However, Fine Gael has now moved the dial on it, but questions are being asked about why the measure is now affordable, just two short months after stating that it was not. 

Estimated costings 

In Dáil debate in September on a private members motion on means testing carers, which proposed a roadmap for abolishing the test by 2027, the former junior minister in the Department of Social Protection Joe O’Brien outlined why the government was opposing such a motion. 

He said some 97,406 people are currently supported by this payment, with expenditure on the carer’s allowance scheme estimated to be over €1.1 billion this year. 

O’Brien went on to state the cost of the abolition, according to department officials: 

“Officials in the Department have conservatively estimated that the cost of removing the means test for carer’s allowance would be an additional €600 million per annum, based on current claim numbers, that is, in other words, before adding any new inflow of claims.”

He went on state that according to census data, there are a lot more people that described themselves as ‘carers’ than the official department data of who is receiving the payment already. 
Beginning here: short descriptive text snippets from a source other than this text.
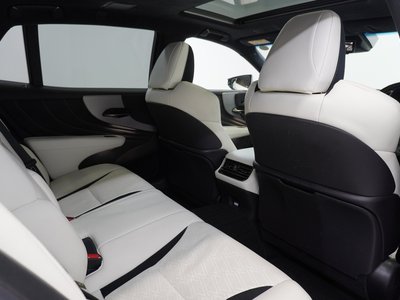 صورة مصغرة 17 لـ 2019 Lexus LS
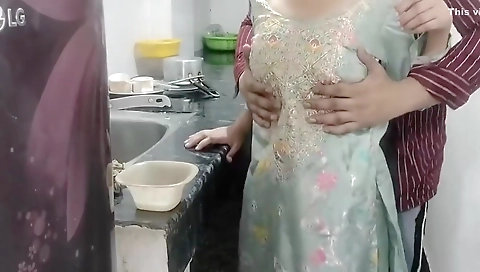 Cute Ko Paise Dekar Hotel Me Le Jakar Jabar Doodh Daba Kar Pela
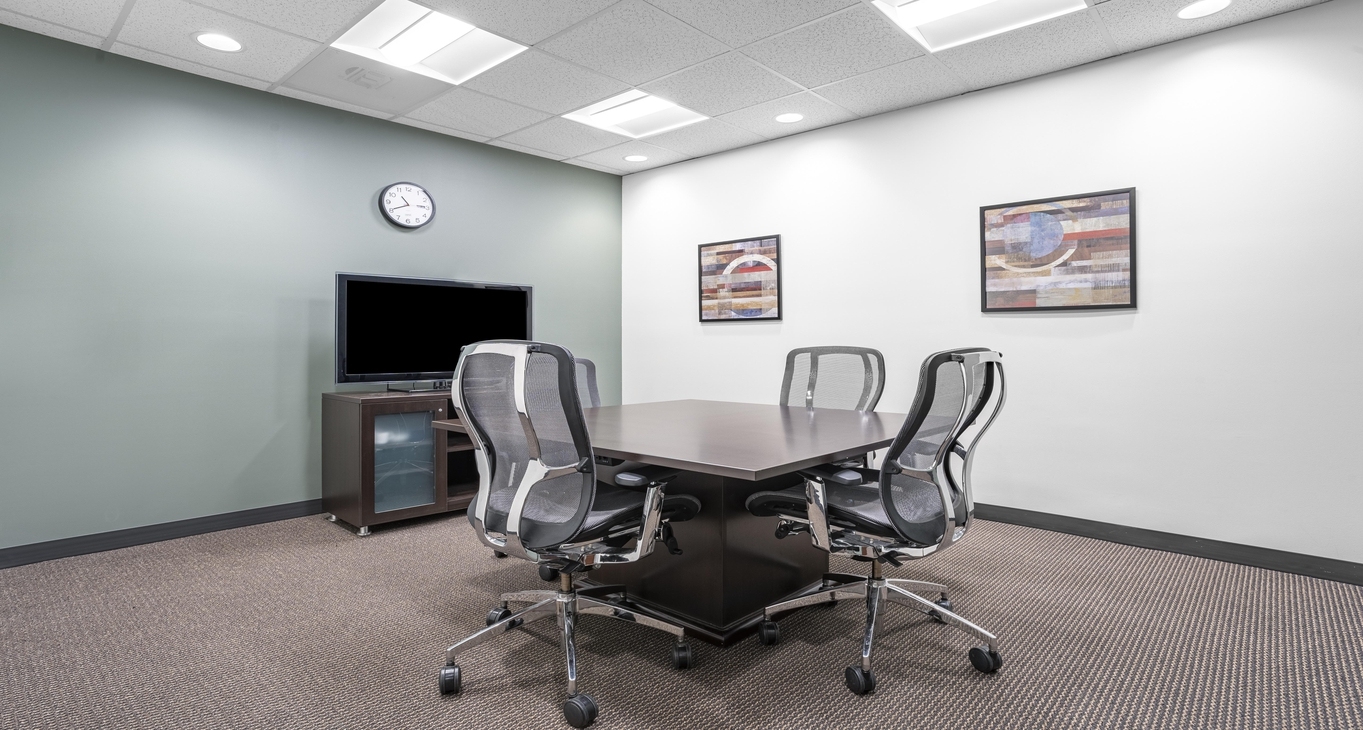 Business Center California Plaza_6-6 Affitto uffici California Plaza_6-6
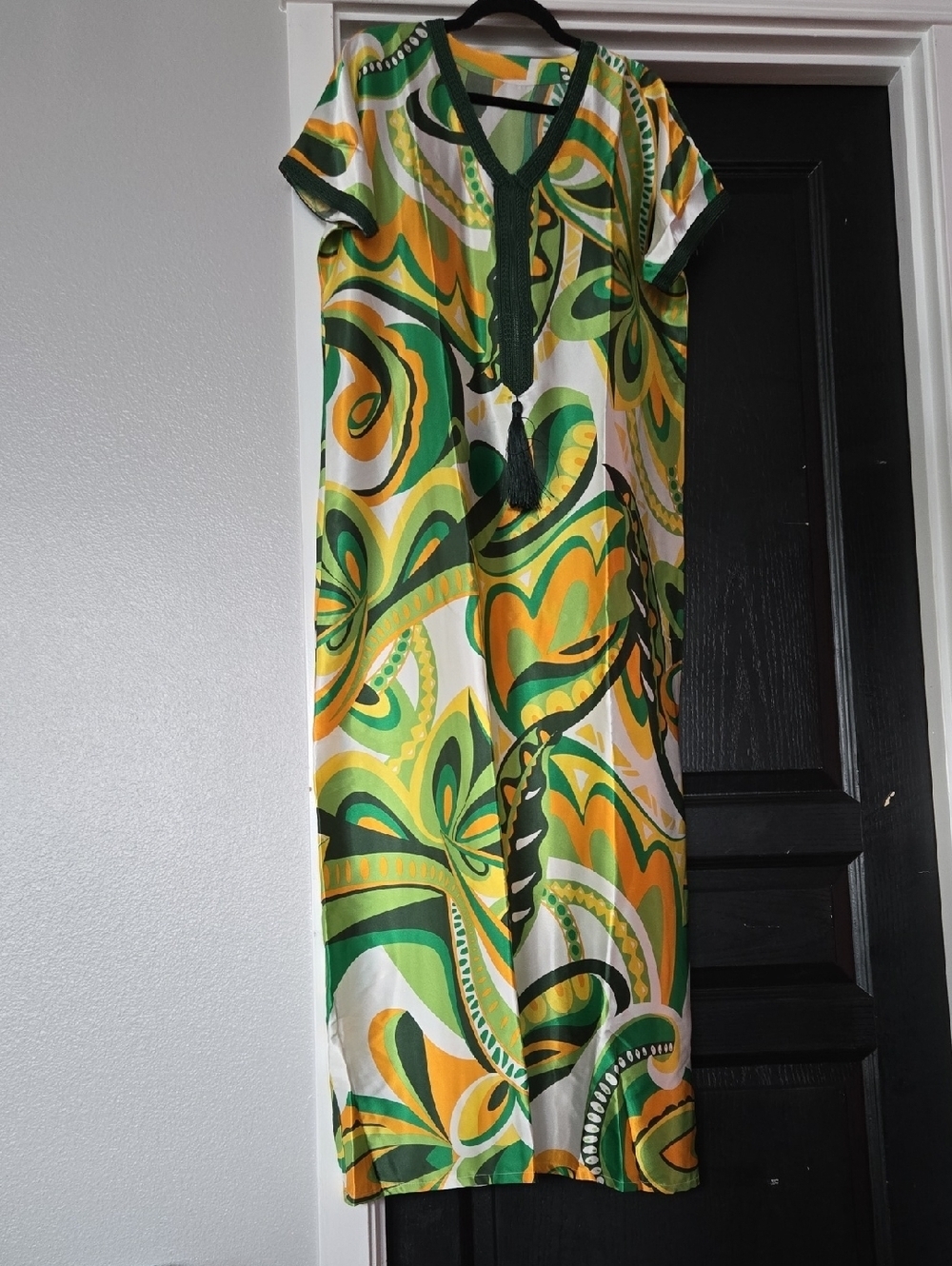 NWOT Vibrant Green & Yellow Tropical Print Satin Maxi Dress One Size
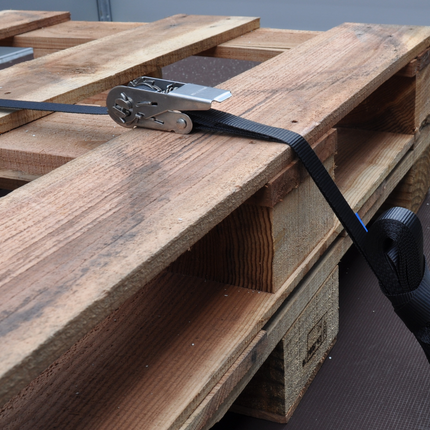Cantonal Spanband set van 2 stuks zwart 570x2,5 cm (400 kg) - met RVS haak en ratel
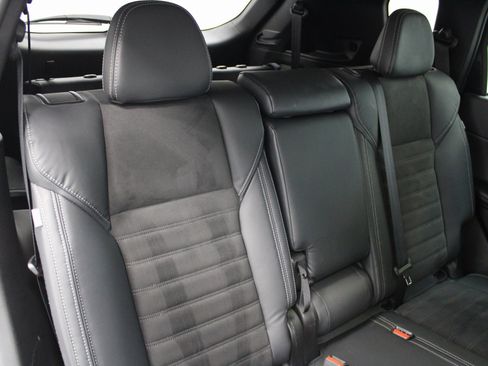 Used 2023 Mitsubishi Outlander SE image 21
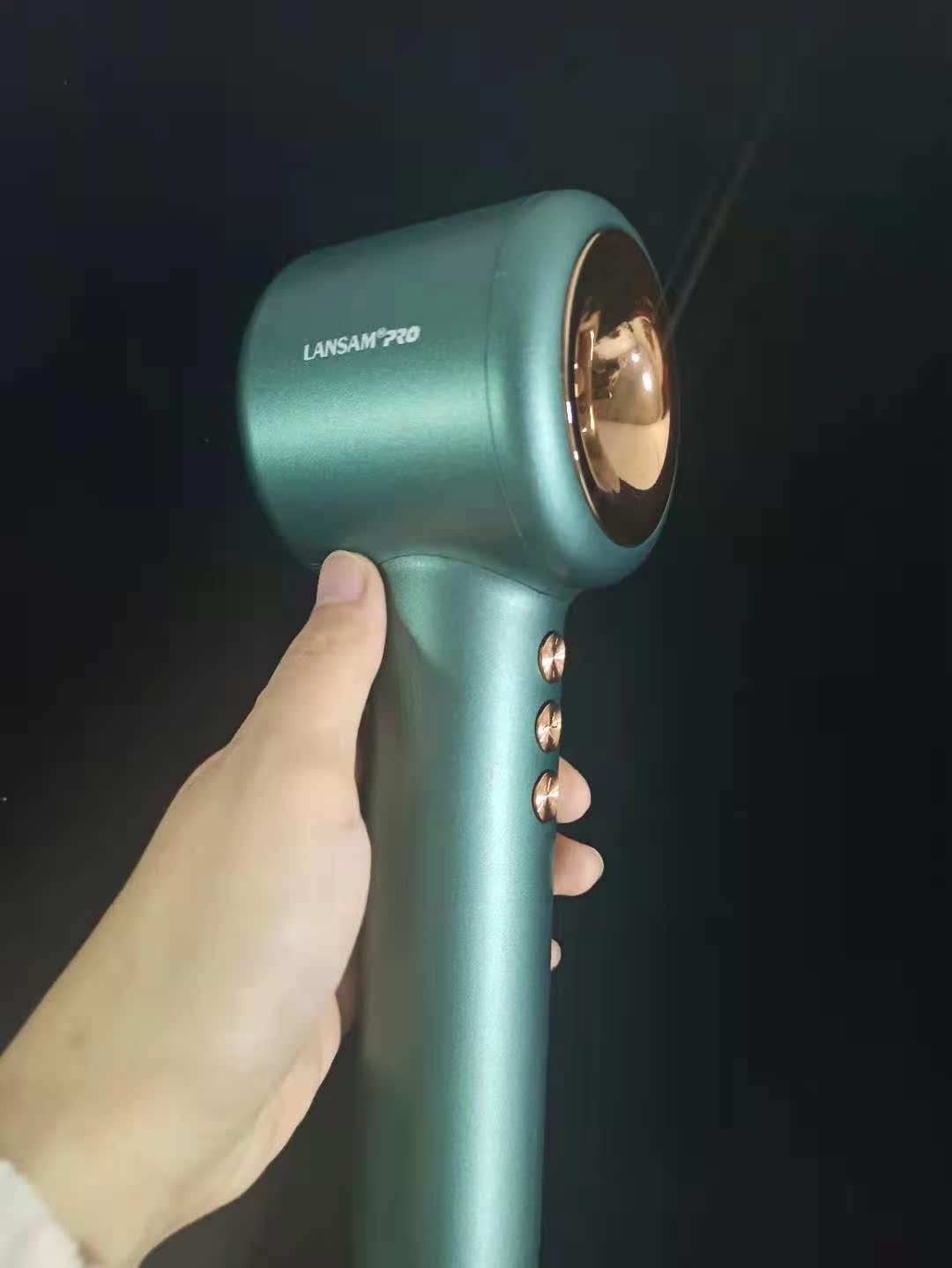 lansam电吹风怎么样?质量可以吗?剖析细节看真相!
If it is the case that the number of carers is significantly higher high, “it follows that the cost of abolition of the means test is also high”, he said. 

O’Brien went on to state what the department’s estimation is in that case: 

“The Department has costed a potential inflow of the people who self-reported as carers in the census.

Once the inflow is reckoned, the cost estimates rise to between €880 million and €2 billion a year.

Asked about the party’s spending commitments at the policy launch event in Dublin on Friday, McEntee said the Fine Gael manifesto would demonstrate the costings behind all its proposals.

McEntee was specifically asked about the promise to scrap the means test for carers, stating:

“Everything in our manifesto has been costed.”

Earlier in the week, McEntee and her party colleague, Minister for Public Expenditure Paschal Donohoe took aim at Fianna Fáil’s manifesto costings, stating they left a lot to be desired.

“As a party, we have been very clear, and I think over the last number of years, we have shown that while we are listening to the concerns of people, while we will do everything that we can to respond to the asks that people have of this government, whether it’s education, whether it’s childcare, whether it’s responding to justice matters, we will provide the support that is needed, while at the same time making sure that we stick within the boundaries and the fiscal rules that we’ve set ourselves,” McEntee said yesterday when quizzed on the costing of the measure. 

“And I think we all know that from Paschal Donohoe (public expenditure minister) that everything that we have put out and set out in our manifesto, which we’ll be publishing on Sunday, that that is costed,” she said. 

A commitment of €2 billion in any manifesto would be considered an absolutely huge deal, but it’s one that will have to be clearly outlined by the party this weekend.